── MATERIAL FOR THIS TASK ──

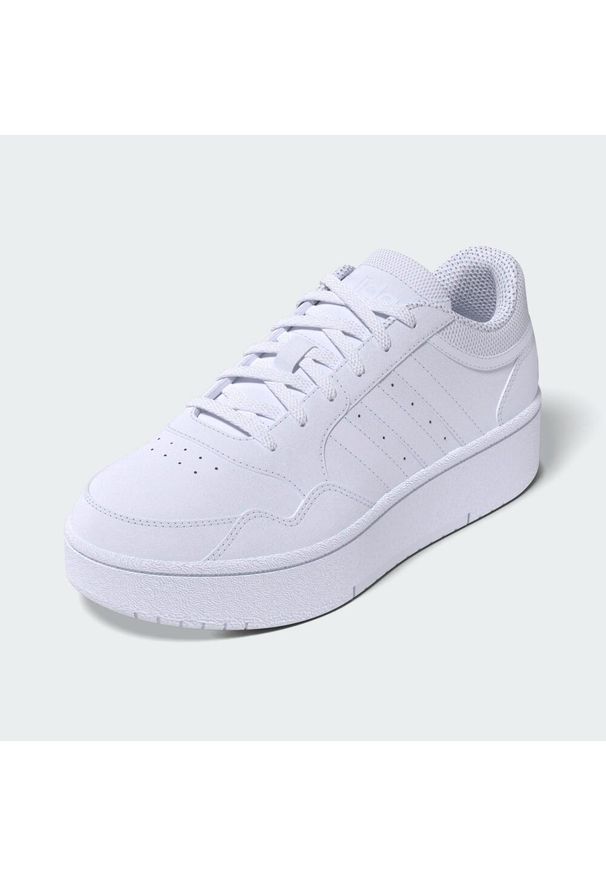 Buty Kobieta Adidas Hoops 3.0 Bold biały. Okazja: na co dzień. Kolor: biały. Sport: turystyka piesza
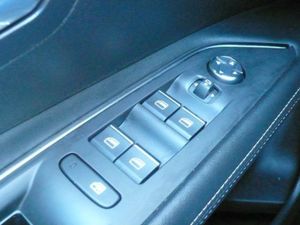 Peugeot 3008 Hybrid Hybrid 4 GT Pack 1.6 Plug-In 300CV AT8  - Foto 44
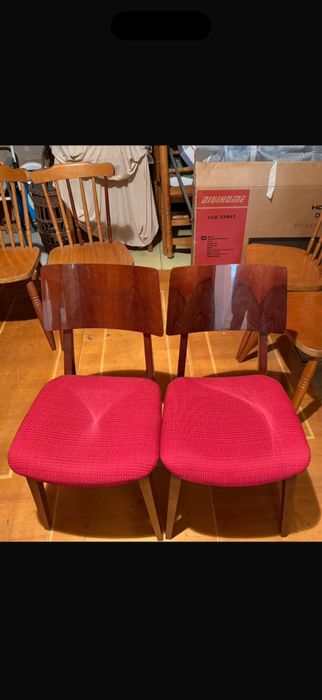 Scaun din lemn (mobilier).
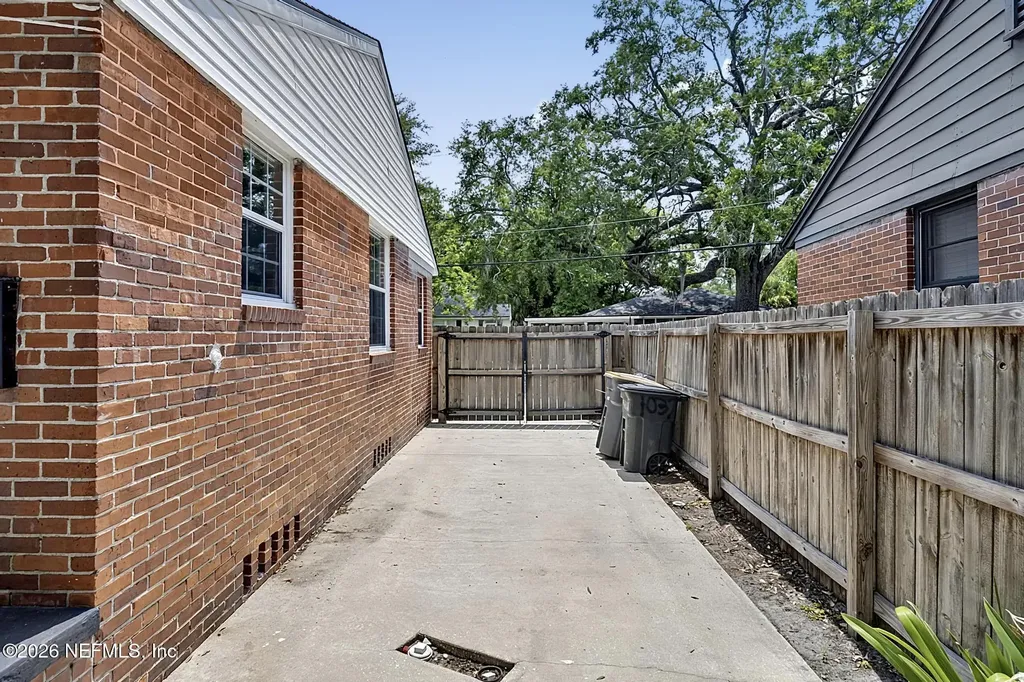 1037 S Fairwood Lane Jacksonville FL 32205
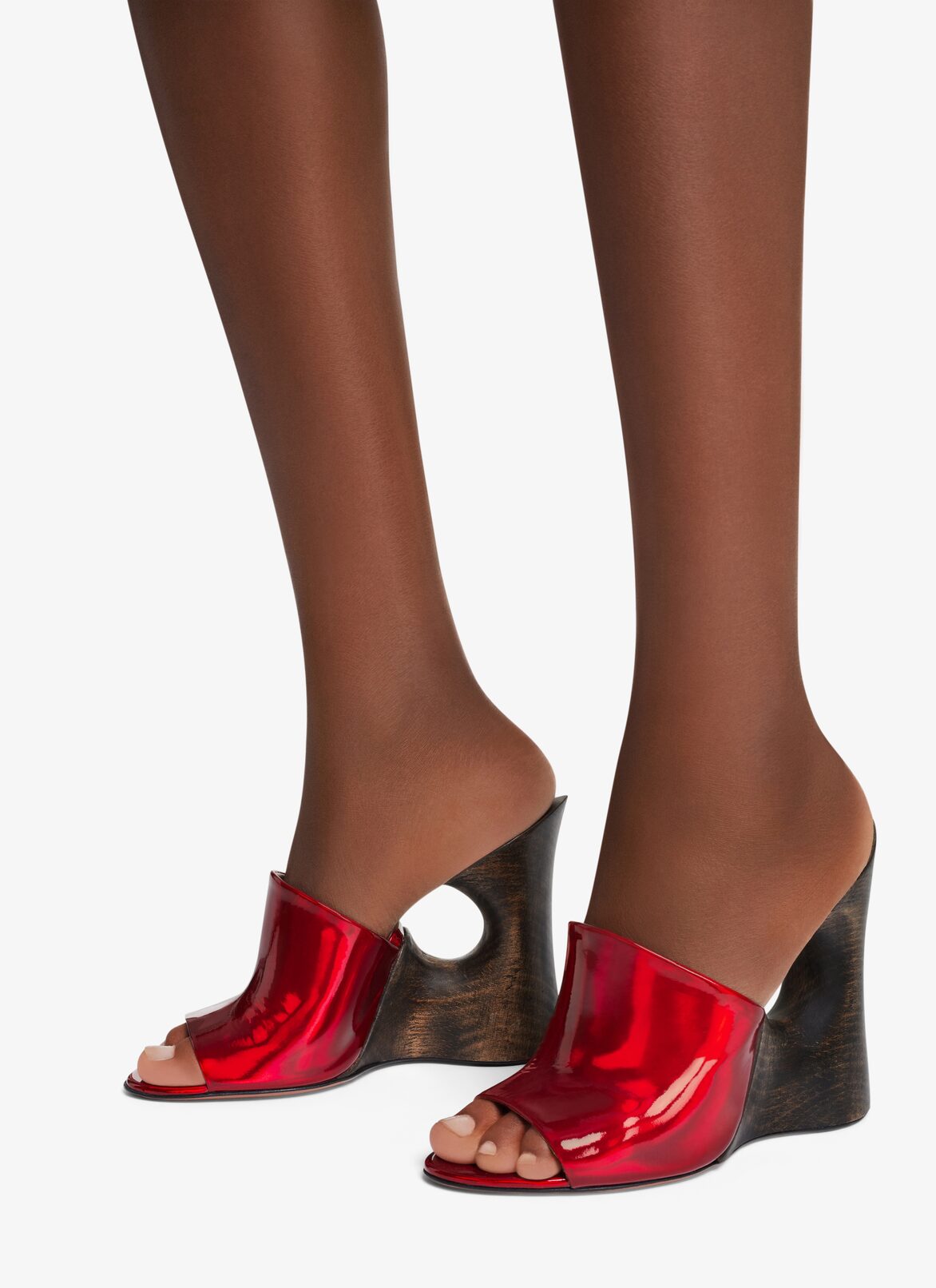 WOODEN HEEL SCULPTURE ALAÏA REFLEX RED WOODEN HEEL SCULPTURE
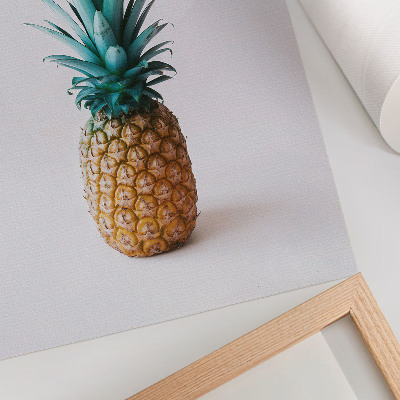 Dekorativ väggaffisch Ananas med turkosa blad på en vit bakgrund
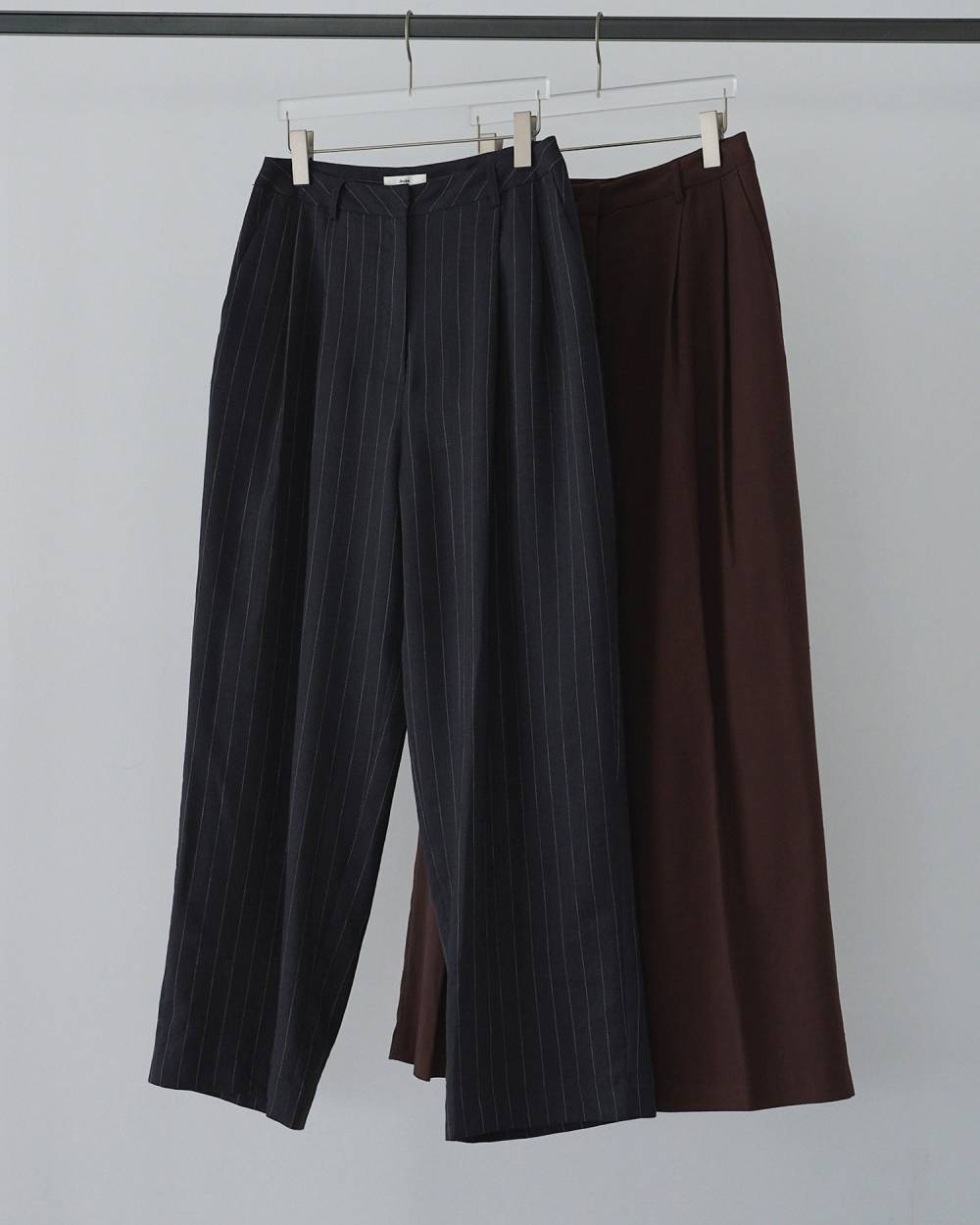 Linen Tuck Pants Linen Tuck Pants,リネン タック パンツ,62610706,ボトム,パンツ,リネン素材,ワイド,ワイドパンツ,ànuke,アンヌーク,lifes,ライフズ,26ss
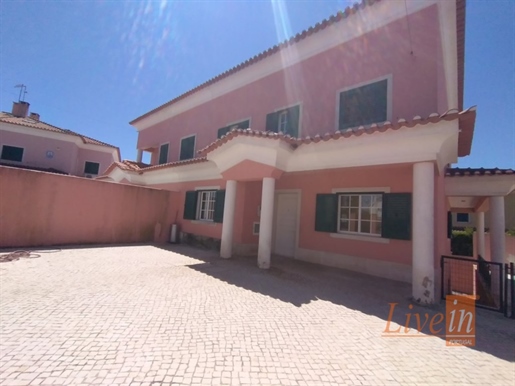 Two-Family House 7 Bedrooms Sale Sintra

───

TASK OBJECTIVE: Without the pictures, write out every entry exactly as it appears.

OUTPUT BELOW:
 Buty Kobieta Adidas Hoops 3.0 Bold biały. Okazja: na co dzień. Kolor: biały. Sport: turystyka piesza
 Peugeot 3008 Hybrid Hybrid 4 GT Pack 1.6 Plug-In 300CV AT8  - Foto 44
 Scaun din lemn (mobilier).
 1037 S Fairwood Lane Jacksonville FL 32205
 WOODEN HEEL SCULPTURE ALAÏA REFLEX RED WOODEN HEEL SCULPTURE
 Dekorativ väggaffisch Ananas med turkosa blad på en vit bakgrund
 Linen Tuck Pants Linen Tuck Pants,リネン タック パンツ,62610706,ボトム,パンツ,リネン素材,ワイド,ワイドパンツ,ànuke,アンヌーク,lifes,ライフズ,26ss
 Two-Family House 7 Bedrooms Sale Sintra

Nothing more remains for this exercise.